= Michel Ducros =

French entrepreneur

Michel Ducros (born 1949) is a French entrepreneur who leads the French delicatessen company Fauchon and yacht services company Monaco Marine. He is the former chairman and CEO of Ducros, a family business specializing in spices and mixed herbs. Additionally, he continues to invest in several international companies.

==Early life==
Born in 1949 in Kehl, southwest Germany, to a father who served as an officer in the French army and a mother was a teacher, Michel Ducros was raised in Buis-les-Baronnies, a village in the Drome region of the southeast of France. In this region his grandfather, harvested lime-tree leaves and lavender, which were used in herbalism. In 1963, his father Gilbert Ducros and his uncle Marc Ducros founded the eponymous family business that sold spices and mixed aromatic herbs.

==Career path==

===At Ducros Company (1971 to 1992)===
After he graduated from college in Paris, Ducros joined the family business in 1971, where he was successively served as sales manager and marketing director between 1971 and 1985. He launched the company's first TV advertising campaign and established foreign branches in Italy, Spain, Belgium, Portugal, and Canada, leading the company to become the first spices brand in Europe. He became chairman of the company in 1986 until the sale of the Ducros company in 1992 to the Italian group Ferruzzi.

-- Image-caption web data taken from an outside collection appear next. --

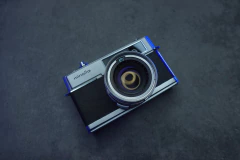 Minolta Hi-Matic 7 + Rokkor 45mm f1,8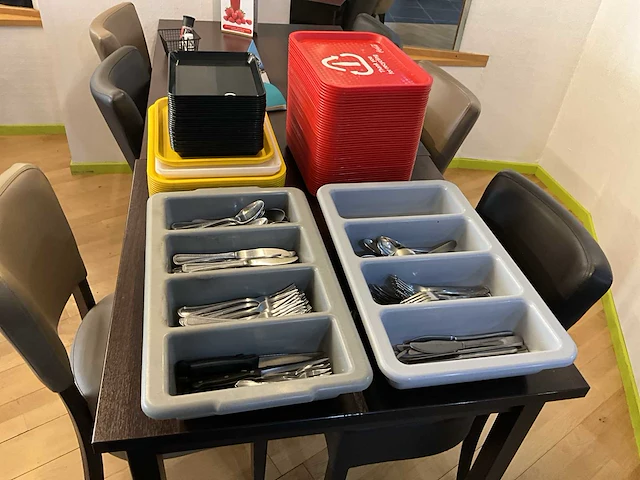 Partij diverse dienbladen en couverts borden en glazen - afbeelding 2 van  5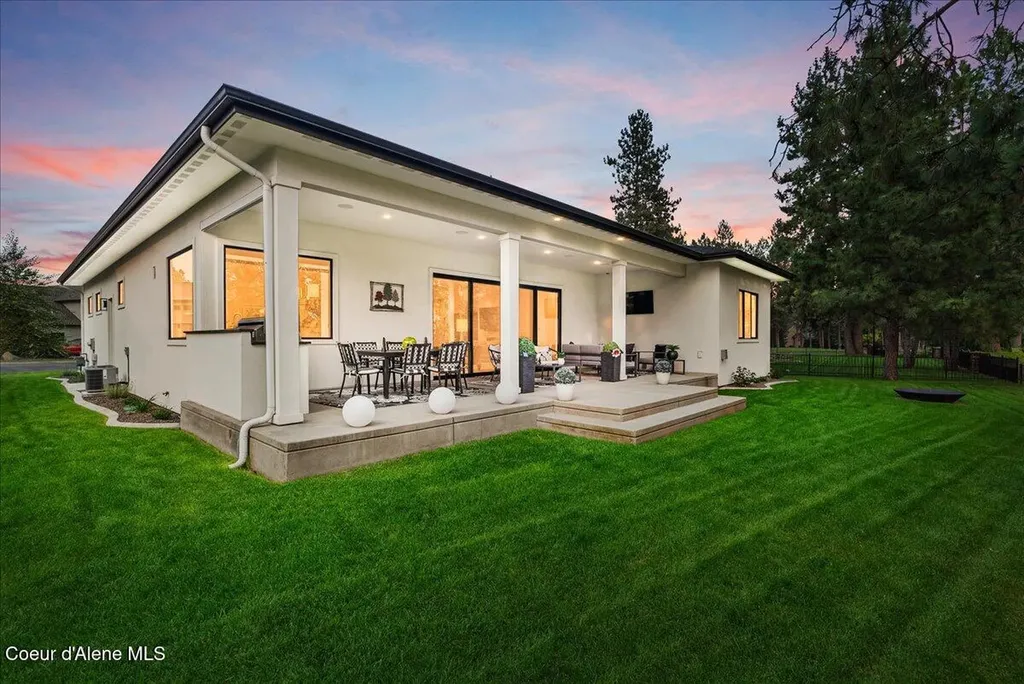 540 St Andrews Place Post Falls ID 83854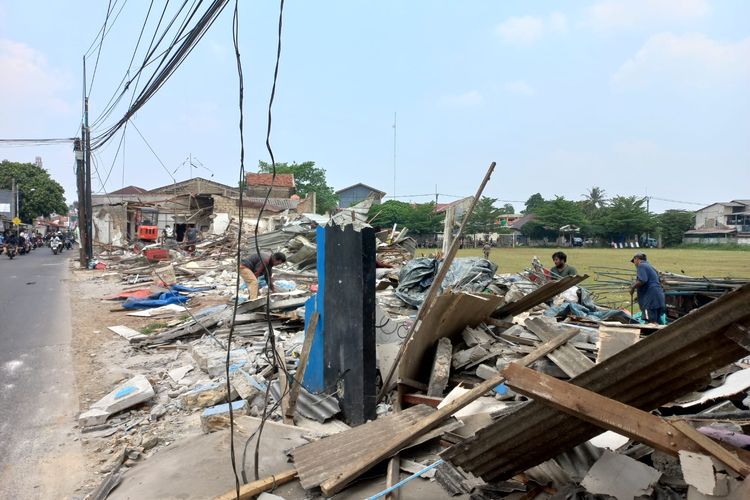 Bangunan Liar di Stadion Maulana Yusuf Akan Dibongkar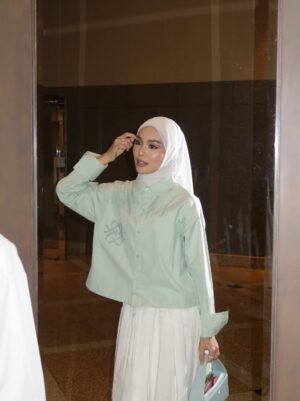 Sharifah Rose Instagram - Staring into my own reflection, admiring my skin glow up all thanks to @wardahbeauty_my āØ
I got the chance to first try the PDRN serum last month when my skin was struggling with tiny bumps and v v dry. Safe to say that my skin has never looked better and glowing! Even in pictures you can see my skin is glowing š„¹šš«¶š¼
#WardahBeautyMY #WardahPDRNSerum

In 1976, he created the brand Vahiné, which within ten years became the leading brand of ingredients for homemade pastry. Additionally, in 1981, he established the brand La Tisanière, which became the first French brand for herbal tea.

===At Monaco Marine (since 1995)===
Passionate sailor and dissatisfied with artisanal maintenance services, Ducros founded the company Monaco Marine in 1995, through the acquisition of a small company "PowerBoat" servicing yachts in the port of Monaco, which offered a marina service for berths, winter storage, and maintenance. Monaco Marine developed a network of shipyards in Saint Laurent du Var, Beaulieu sur Mer, Antibes and Cogolin, all in the south of France. He entered in 2002 into a partnership with the public company of the port of La Ciotat to build the largest dry paint shed in Europe and a maintenance and refit network for mega-yachting industry, inaugurated in September 2007. In 2012, Monaco Marine acquired a long-standing family shipyard in the region, based in Antibes. Monaco Marine launched in 2016 a new shipyard in La Seyne, in the Toulon bay, that should open in September 2017.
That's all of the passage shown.